Приношу Петровых перевод (того же Галкина). Долго читает. Кладет листок передо мной. И, не говоря ни слова, пальцем изящно показывает на строку. Затем отходит в сторону, смотрит в окно, дает мне возможность подумать. Поворачивается ко мне лицом и вопрошающе смотрит на меня…
— Понял, надо править, — говорю с некоторой растерянностью.
— В том-то и дело, милый…
Предлагаю варианты. Думает, не сразу отвечает. Нет! Нет! Поиск продолжается. Нашел! Мария Сергеевна расцветает, идет навстречу.
Что значит так называемая жизнь человека, если далеко не все, связанное с ним, завершено, если наша память не отказывает нам в высоком праве говорить об ушедшем человеке, как о части нашей собственной жизни, если его стихи достойно продолжают его, если еще не выполнен наш долг перед ним. Перед ней — Марией Сергеевной Петровых.

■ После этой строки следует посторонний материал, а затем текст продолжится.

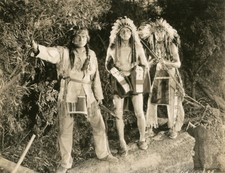 John Big Tree, Fred Kohler - O Cavalo de Ferro (1924) - 8 1/2 X 11  comprar usado  Enviando para Brazil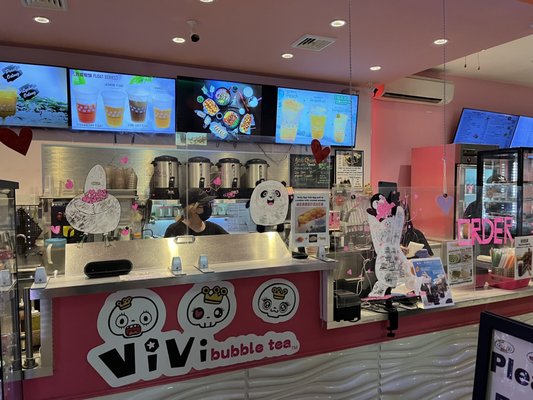 Vivi Bubble Tea Cafe Quincy by null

так вопрошала она. Так вопрошаем мы. И она отзывается.
Д. Самойлов. Наброски к портрету
Я впервые увидел Марию Сергеевну через несколько лет после войны, в обстановке для нее необычной. В Литовском постпредстве нескольким переводчикам вручались грамоты Верховного Совета.
За банкетным столом напротив меня сидела хрупкая большеглазая женщина лет около сорока, бледная и как-будто отрешенная от всего происходящего. Впоследствии я узнал, как мучительны были для нее многословные чествования и официальные мероприятия. Она чувствовала себя здесь чужой.
Она была хороша собой, хотя почему-то трудно ее назвать красавицей. Во внешности ее была усталость, одухотворенность и тайна. Я попробовал с ней заговорить. Она ответила односложно.
Мне сказали, что это переводчица Мария Петровых. Большего о ней я тогда не знал. Мало знали о ней и в литературных кругах, с которыми я соприкасался. Мы встречались иногда в Клубе писателей, раскланивались. Никогда не заговаривали друг с другом.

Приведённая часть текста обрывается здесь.